In the quarter, Dow Jones achieved record average subscriptions of 3.8 million to its consumer products, led by 28% growth in digital-only subscriptions, including 23% growth in digital-only subscriptions at The Wall Street Journal.
“We recommend investors hold REA direct, but owning News Corporation is another way to gain exposure, the 61% stake has CMV of $6.8bn or $11.50 per NWSA share,” said Andrew McLeod, equity analyst at Morgan Stanley.
News Corporation’s shares closed 1.65% higher at $13.51 on Thursday but dipped about 4% in after-hours trading.
“The creation of the Dow Jones segment allows us to make a direct comparison with the New York Times,” Chief Executive Robert Thomson said on a post-earnings call, Reuters reported.

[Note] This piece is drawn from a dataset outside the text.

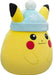 Squishmallows [Pokémon] - Huge Pikachu with Blue Hat Holiday Winter Plush (14") - Jazwares
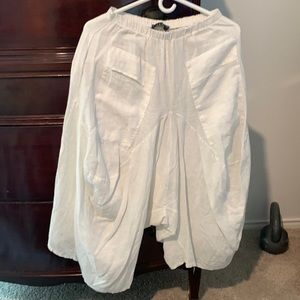 Saga white linen pants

“In what has been a difficult year for many media companies, Dow Jones reported a 13% increase in Segment EBITDA, based on the strength of its Professional Information Business, digital growth and the pre-eminence of The Wall Street Journal. One result of our candid approach on costs was that, despite the COVID-19 impact, our cash position strengthened to $1.5 billion from $1.3 billion as of December 31st. We also saw increased profitability at Foxtel and our campaign to reset sports rights prices was successful.”
News Corporation stock forecast
Morgan Stanley target price is $10 with a high of $20 under a bull scenario and $5 under the worst-case scenario. News had its price target hoisted by research analysts at Loop Capital to $18 from $16. The brokerage presently has a “buy” rating on the stock.

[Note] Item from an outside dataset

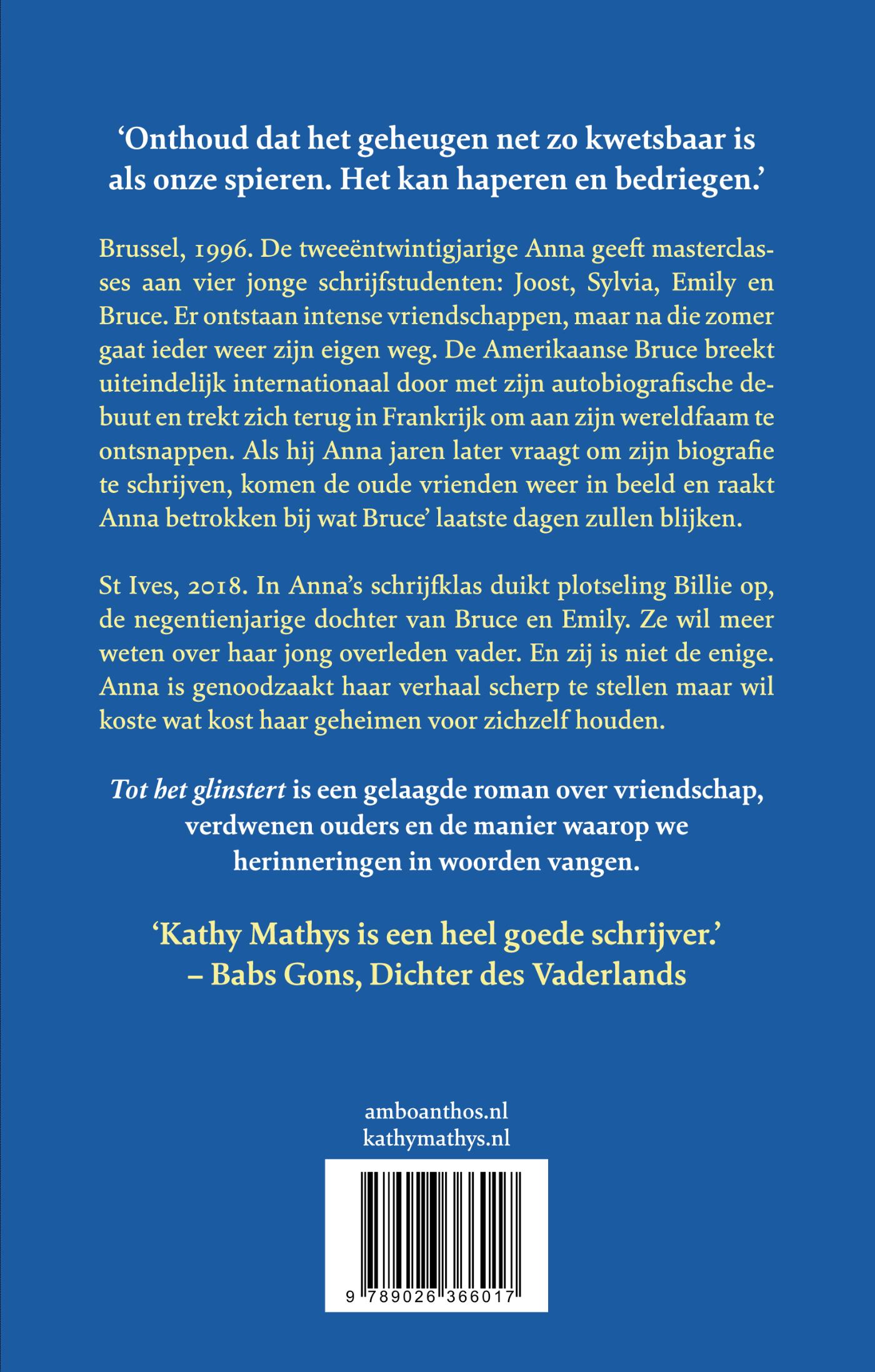 Achterkant van Tot het glinstert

We think it is good to hold for now as 100-day Moving Average and 100-200-day MACD Oscillator signal a mild selling opportunity.
On the other hand, three analysts forecast the average price in 12 months at $14.00 with a high forecast of $18.00 and a low forecast of $10.00. The average price target represents a 3.63% increase from the last price of $13.51. From those three, two analysts rated ‘Buy’, one analyst rated ‘Hold’ and none rated ‘Sell’, according to Tipranks.
“We are fundamentally bearish on the outlook for News Corporation shares. We are bullish on NWSA’s 61%-owned Australian digital media company REA Group (OW), but we recommend investors own REA direct rather than via the conglomerate structure of NWSA. Historically, direct ownership has provided superior returns … and we expect that to continue to be the case,” Morgan Stanley’s McLeod added.
“Outside of the REA investment, we think earnings risks across the rest of the NWSA asset portfolio skew more to the downside for print assets and payTV business Foxtel/FoxSports. If it were to occur, a full break-up of the company could have the potential to close the discount at which the shares have historically traded to intrinsic value.”
Upside and Downside risks
1) Sale of large loss-making or declining print assets at a premium 2) Growth of OTT services more than offsets loss of cable/satellite subs at Foxtel. 3) Break-up or re-structure of the company. 4) REA makes gains ahead of expectations, Morgan Stanley highlighted as upside risks to News Corporation.
1) Accelerated decline in print ads brings downgrades and larger cash redundancy/restructuring costs. 2) A loss of positive earnings momentum at REA. 3) Worse-than-expected Foxtel earnings were major downside risks.